EXTRACTED RECORDS
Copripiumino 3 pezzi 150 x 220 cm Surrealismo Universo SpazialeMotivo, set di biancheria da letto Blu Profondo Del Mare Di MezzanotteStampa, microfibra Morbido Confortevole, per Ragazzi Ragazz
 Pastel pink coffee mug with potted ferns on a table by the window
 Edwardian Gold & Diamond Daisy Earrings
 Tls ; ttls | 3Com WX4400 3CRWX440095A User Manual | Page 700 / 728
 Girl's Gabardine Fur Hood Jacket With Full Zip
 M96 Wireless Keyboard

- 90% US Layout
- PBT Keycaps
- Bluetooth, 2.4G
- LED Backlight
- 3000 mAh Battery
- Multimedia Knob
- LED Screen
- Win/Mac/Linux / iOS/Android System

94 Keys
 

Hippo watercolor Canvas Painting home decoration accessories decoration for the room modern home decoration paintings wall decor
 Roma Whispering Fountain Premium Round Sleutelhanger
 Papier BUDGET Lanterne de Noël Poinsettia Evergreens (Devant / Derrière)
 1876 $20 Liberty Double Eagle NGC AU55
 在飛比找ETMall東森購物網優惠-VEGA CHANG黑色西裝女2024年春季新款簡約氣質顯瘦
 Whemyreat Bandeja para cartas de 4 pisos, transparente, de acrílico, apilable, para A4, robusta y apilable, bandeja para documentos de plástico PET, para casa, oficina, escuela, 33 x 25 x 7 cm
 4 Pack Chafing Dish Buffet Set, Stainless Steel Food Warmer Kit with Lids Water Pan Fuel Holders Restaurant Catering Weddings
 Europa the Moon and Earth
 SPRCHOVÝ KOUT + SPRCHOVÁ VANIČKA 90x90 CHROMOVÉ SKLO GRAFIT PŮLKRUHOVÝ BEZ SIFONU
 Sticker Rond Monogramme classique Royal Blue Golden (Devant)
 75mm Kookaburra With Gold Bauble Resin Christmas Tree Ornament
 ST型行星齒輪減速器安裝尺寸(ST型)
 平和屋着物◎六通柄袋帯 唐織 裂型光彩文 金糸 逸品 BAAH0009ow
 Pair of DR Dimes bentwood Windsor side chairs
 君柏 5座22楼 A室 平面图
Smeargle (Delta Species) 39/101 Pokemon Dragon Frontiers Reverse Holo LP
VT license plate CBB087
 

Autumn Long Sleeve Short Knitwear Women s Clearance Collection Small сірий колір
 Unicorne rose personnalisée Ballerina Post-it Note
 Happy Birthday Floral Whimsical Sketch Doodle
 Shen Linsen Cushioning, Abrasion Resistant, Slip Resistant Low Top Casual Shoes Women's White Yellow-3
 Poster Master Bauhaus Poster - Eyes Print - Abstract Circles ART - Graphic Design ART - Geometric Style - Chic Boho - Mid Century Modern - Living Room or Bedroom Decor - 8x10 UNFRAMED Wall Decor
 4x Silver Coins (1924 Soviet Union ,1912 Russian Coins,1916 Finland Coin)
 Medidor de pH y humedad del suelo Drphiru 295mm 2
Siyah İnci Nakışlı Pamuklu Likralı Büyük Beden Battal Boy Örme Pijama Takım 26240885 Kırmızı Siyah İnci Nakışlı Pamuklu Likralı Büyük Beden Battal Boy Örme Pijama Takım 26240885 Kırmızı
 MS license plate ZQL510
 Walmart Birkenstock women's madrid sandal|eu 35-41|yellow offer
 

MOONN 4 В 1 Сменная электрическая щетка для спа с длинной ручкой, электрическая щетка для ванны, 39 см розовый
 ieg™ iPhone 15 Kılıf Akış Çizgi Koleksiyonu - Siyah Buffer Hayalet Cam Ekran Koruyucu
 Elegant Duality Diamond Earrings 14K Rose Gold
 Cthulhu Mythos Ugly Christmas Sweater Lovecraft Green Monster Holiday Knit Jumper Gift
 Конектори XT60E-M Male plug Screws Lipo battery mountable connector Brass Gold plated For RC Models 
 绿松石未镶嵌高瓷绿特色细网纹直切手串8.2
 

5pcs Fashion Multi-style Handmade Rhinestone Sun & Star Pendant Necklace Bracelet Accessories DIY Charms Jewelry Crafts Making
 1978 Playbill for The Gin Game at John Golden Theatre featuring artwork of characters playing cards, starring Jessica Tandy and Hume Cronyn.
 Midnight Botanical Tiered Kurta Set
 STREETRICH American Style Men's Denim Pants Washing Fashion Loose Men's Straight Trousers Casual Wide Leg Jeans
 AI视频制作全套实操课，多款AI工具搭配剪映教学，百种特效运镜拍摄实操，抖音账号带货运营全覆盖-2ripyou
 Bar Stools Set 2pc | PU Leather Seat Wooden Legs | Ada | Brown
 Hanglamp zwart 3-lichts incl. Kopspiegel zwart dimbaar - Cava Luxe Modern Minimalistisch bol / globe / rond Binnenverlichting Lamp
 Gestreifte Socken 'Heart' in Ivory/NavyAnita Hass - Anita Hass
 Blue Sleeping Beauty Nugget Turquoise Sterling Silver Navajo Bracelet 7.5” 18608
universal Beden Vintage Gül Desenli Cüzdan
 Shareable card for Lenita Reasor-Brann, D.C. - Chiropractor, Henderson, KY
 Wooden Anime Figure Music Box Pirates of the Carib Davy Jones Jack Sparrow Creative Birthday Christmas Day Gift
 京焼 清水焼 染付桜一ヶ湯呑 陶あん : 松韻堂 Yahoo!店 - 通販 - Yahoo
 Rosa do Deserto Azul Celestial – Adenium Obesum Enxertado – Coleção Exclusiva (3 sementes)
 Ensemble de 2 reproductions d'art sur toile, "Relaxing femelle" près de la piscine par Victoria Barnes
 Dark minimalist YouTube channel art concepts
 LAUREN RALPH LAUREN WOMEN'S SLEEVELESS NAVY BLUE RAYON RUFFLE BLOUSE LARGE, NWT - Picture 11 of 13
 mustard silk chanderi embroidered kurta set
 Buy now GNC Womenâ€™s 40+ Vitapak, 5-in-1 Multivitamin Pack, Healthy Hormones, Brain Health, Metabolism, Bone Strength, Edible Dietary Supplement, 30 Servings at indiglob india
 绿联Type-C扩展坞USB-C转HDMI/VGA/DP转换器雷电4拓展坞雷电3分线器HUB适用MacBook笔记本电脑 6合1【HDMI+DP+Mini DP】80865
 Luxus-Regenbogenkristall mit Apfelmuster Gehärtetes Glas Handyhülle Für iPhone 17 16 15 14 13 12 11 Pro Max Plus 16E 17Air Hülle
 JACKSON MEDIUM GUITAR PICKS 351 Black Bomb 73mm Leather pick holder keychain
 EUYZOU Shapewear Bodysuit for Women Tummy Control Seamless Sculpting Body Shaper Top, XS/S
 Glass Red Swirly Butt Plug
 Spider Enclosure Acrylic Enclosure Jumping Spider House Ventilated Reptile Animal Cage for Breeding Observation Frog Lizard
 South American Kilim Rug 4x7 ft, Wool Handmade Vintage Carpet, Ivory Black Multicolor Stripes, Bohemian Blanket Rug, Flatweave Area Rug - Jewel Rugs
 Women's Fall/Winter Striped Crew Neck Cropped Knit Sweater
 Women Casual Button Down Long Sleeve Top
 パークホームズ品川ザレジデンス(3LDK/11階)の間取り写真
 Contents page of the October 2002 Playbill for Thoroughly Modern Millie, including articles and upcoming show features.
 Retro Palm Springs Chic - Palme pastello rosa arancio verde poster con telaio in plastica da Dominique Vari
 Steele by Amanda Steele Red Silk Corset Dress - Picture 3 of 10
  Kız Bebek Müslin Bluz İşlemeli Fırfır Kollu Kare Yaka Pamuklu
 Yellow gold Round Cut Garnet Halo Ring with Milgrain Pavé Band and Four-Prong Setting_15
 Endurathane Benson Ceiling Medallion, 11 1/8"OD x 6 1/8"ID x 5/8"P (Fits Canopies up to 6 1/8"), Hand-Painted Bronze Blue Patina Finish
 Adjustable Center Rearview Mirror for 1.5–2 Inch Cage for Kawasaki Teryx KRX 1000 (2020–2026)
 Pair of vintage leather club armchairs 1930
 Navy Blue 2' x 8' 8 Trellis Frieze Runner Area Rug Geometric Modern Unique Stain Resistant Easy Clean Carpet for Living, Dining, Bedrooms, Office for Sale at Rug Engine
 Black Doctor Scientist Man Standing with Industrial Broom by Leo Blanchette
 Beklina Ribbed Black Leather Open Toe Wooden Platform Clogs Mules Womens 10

ASSIGNMENT
Reproduce each line of the material in which the string "Wooden" occurs.

THE ANSWER
 Bar Stools Set 2pc | PU Leather Seat Wooden Legs | Ada | Brown
 Wooden Anime Figure Music Box Pirates of the Carib Davy Jones Jack Sparrow Creative Birthday Christmas Day Gift
 Beklina Ribbed Black Leather Open Toe Wooden Platform Clogs Mules Womens 10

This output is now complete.